Source records:

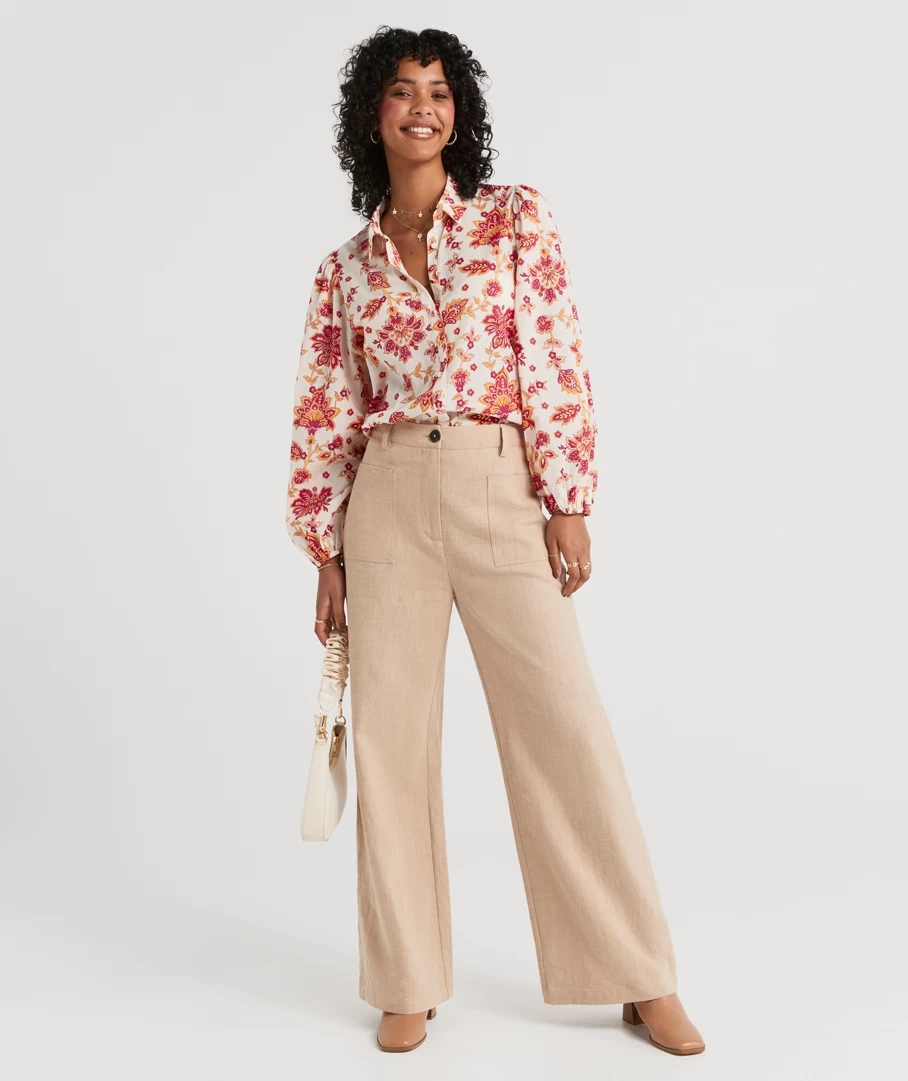 COOPER TEXTURED PATCH POCKET PANT - Image 10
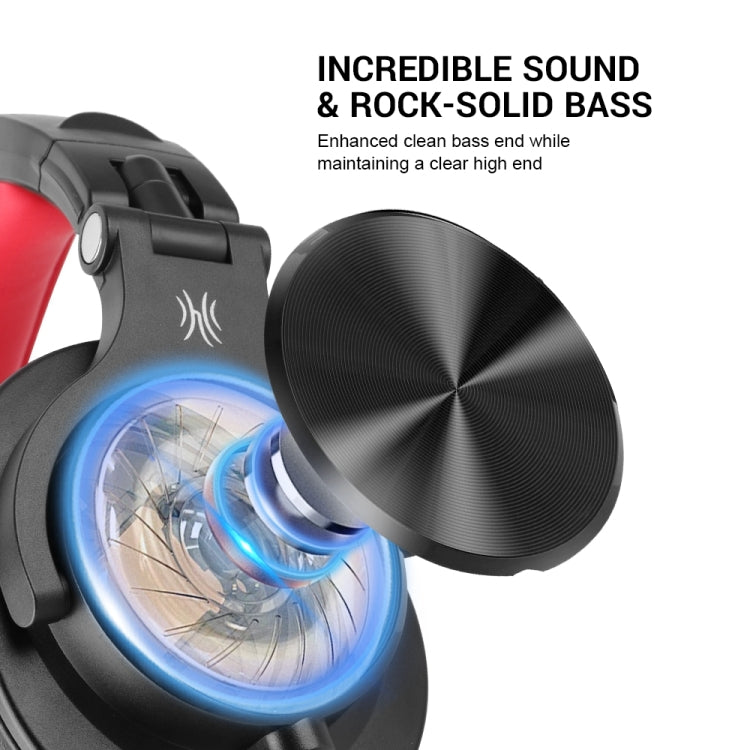 Casque Gaming Filaire OneOdio A71D avec Microphone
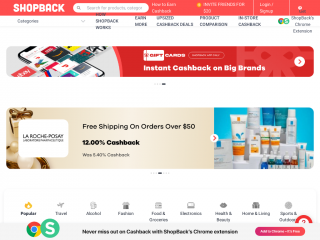 shopback.com.au screenshot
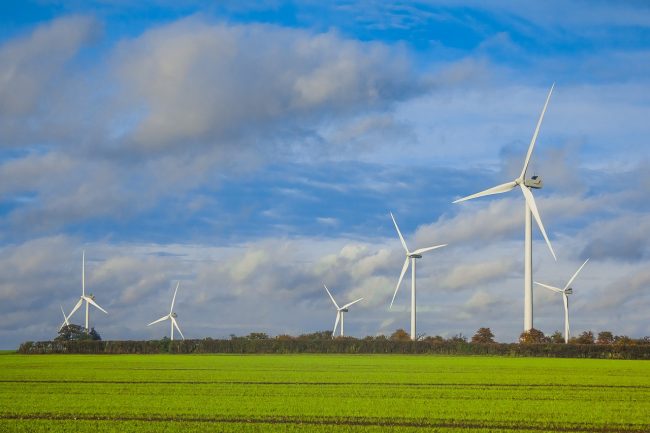 éolien france retard europe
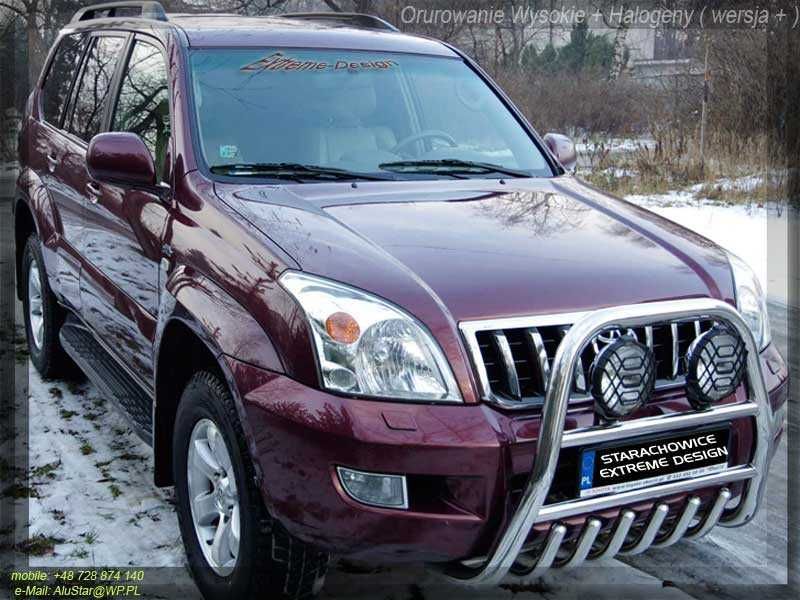 Toyota LC LANDCRUSIER Orurowanie Kolanka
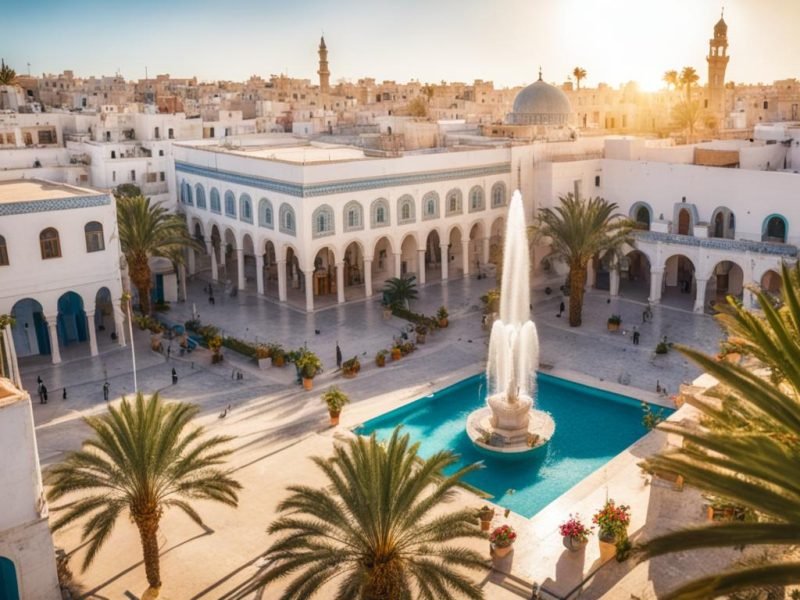 Where Do You Live In Tunisia?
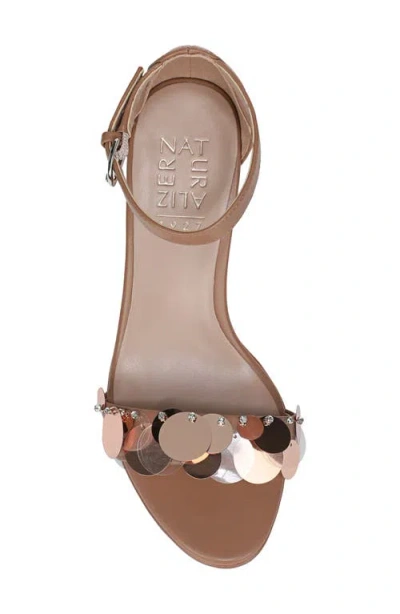 Naturalizer Vera Glow Ankle Strap Sandal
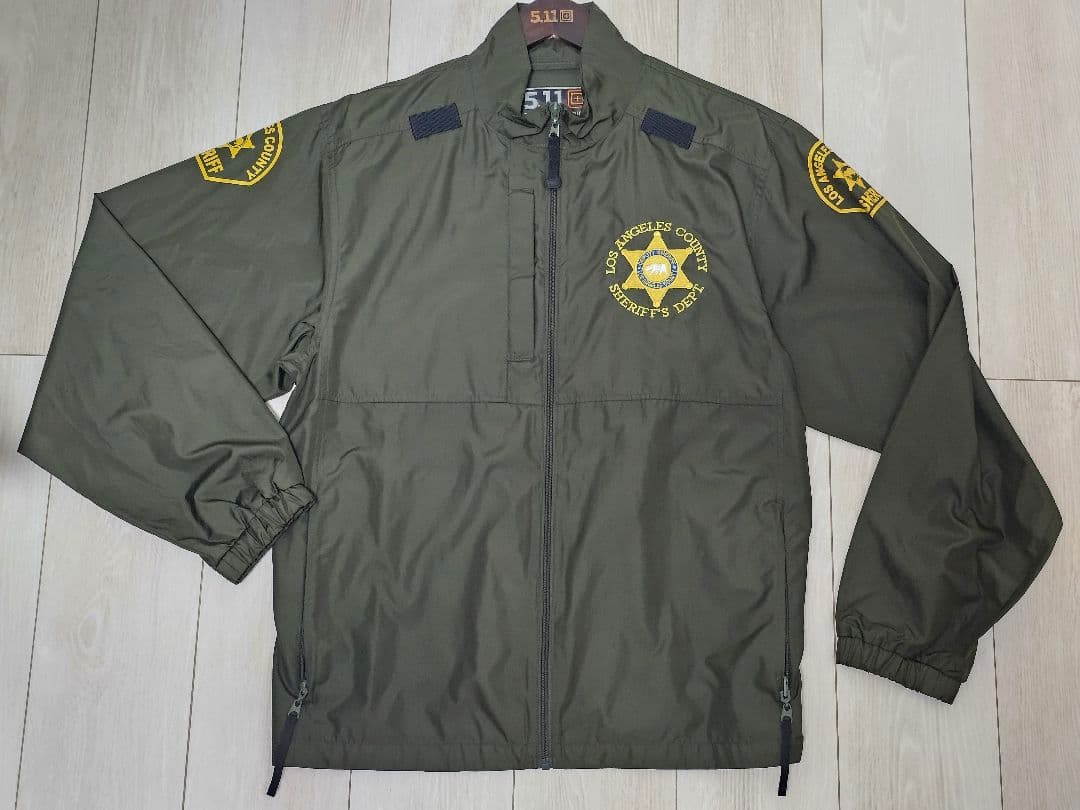 5.11 tactical LASDユニフォームジャケット　Mサイズ　実物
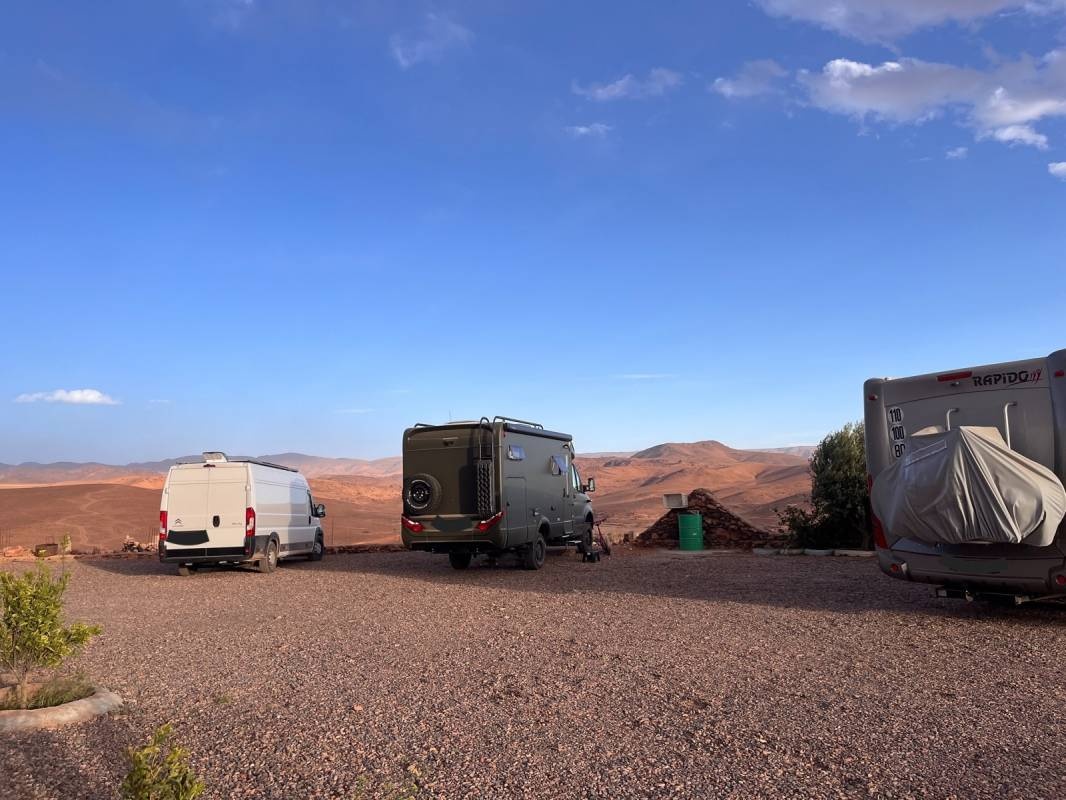 Camping Chabab Saghro — Campingplatz in Kelâat M'Gouna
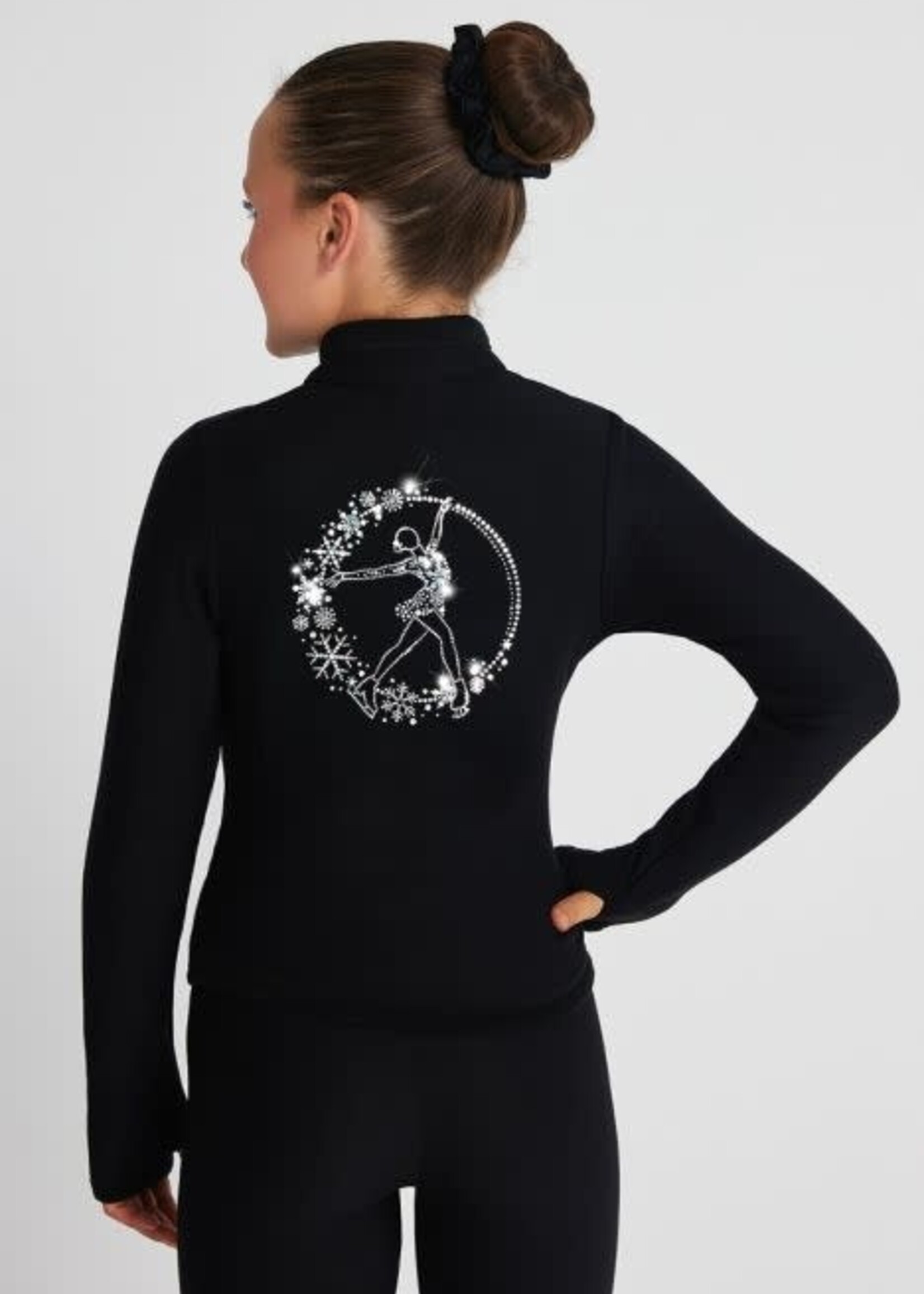 MONDOR Veste Mondor avec paillettes 24502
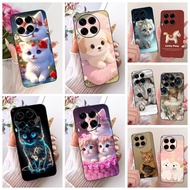 Cute Case For Tecno Camon 30 CL6 / Camon 30 5G CL7 / Camon 30 Pro CL8 Phone Cover Cartoon Dog Cat Lu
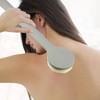 Unique Bargains Long Handle Bath Brush 13.98"x3.15"x1.18" 1 Pc - 2 of 4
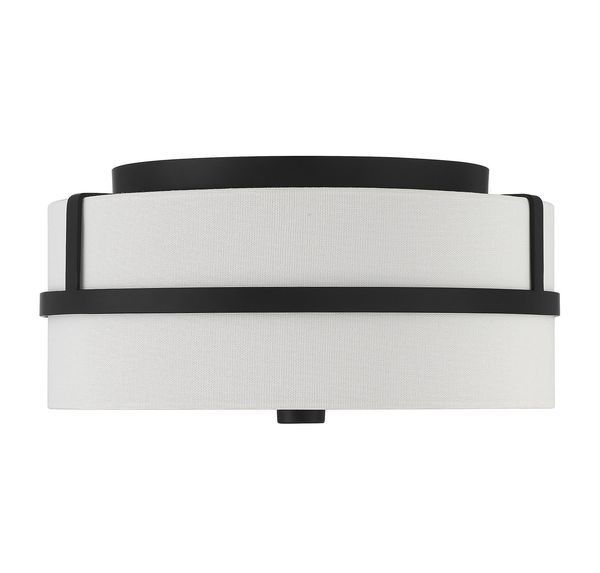 Product Image 8 for Bridgette 2 Light Flush Mount from Savoy House 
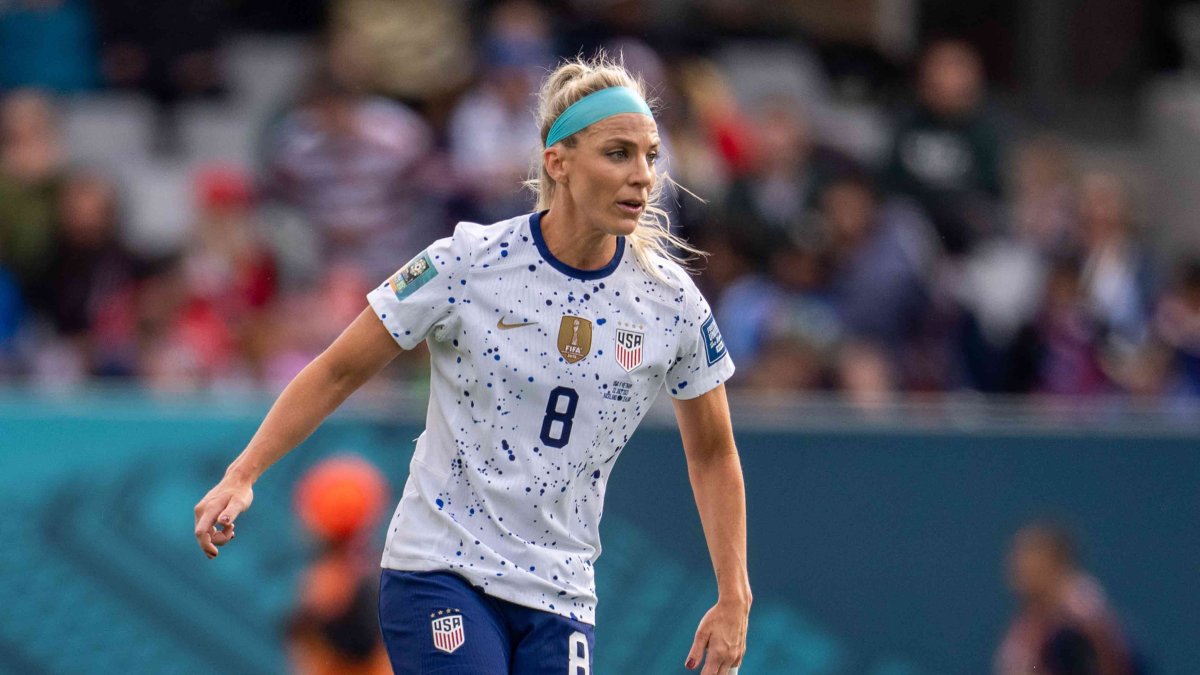 Uswnts Julie Ertz Announces Official Retirement From Soccer Nbc Chicago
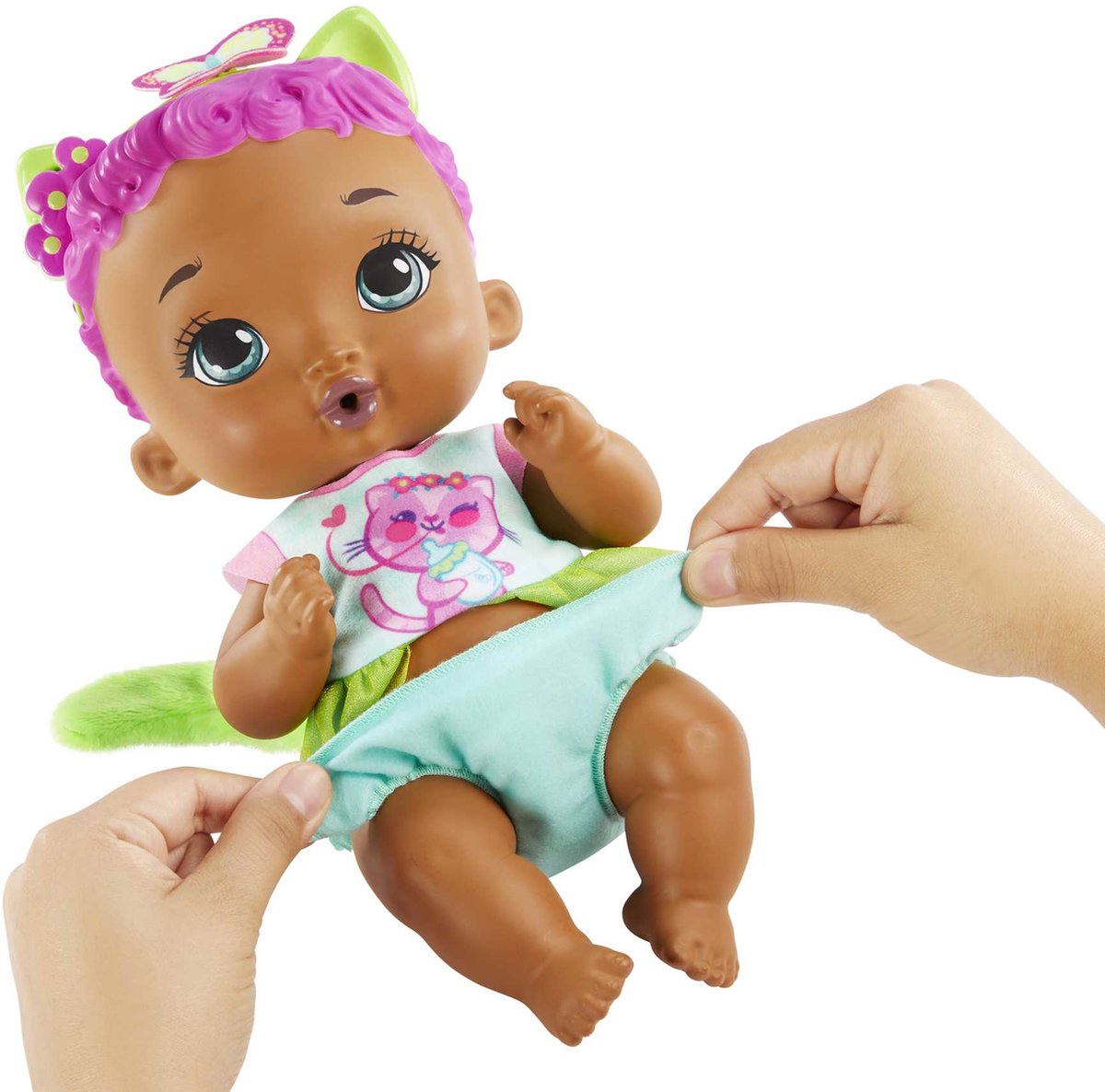 MY GARDEN BABY VOEDEN EN VERSCHONEN Babykitten Pop - Sinterklaas Cadeau - Schoencadeautjes Sinterklaas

> Task instructions: In the copy, include every record exactly and no pictures.

> Exercise answer:
 COOPER TEXTURED PATCH POCKET PANT - Image 10
 Casque Gaming Filaire OneOdio A71D avec Microphone
 shopback.com.au screenshot
 éolien france retard europe
 Toyota LC LANDCRUSIER Orurowanie Kolanka
 Where Do You Live In Tunisia?
 Naturalizer Vera Glow Ankle Strap Sandal
 5.11 tactical LASDユニフォームジャケット　Mサイズ　実物
 Camping Chabab Saghro — Campingplatz in Kelâat M'Gouna
 MONDOR Veste Mondor avec paillettes 24502
 Cute Case For Tecno Camon 30 CL6 / Camon 30 5G CL7 / Camon 30 Pro CL8 Phone Cover Cartoon Dog Cat Lu
 Unique Bargains Long Handle Bath Brush 13.98"x3.15"x1.18" 1 Pc - 2 of 4
 Product Image 8 for Bridgette 2 Light Flush Mount from Savoy House 
 Uswnts Julie Ertz Announces Official Retirement From Soccer Nbc Chicago
 MY GARDEN BABY VOEDEN EN VERSCHONEN Babykitten Pop - Sinterklaas Cadeau - Schoencadeautjes Sinterklaas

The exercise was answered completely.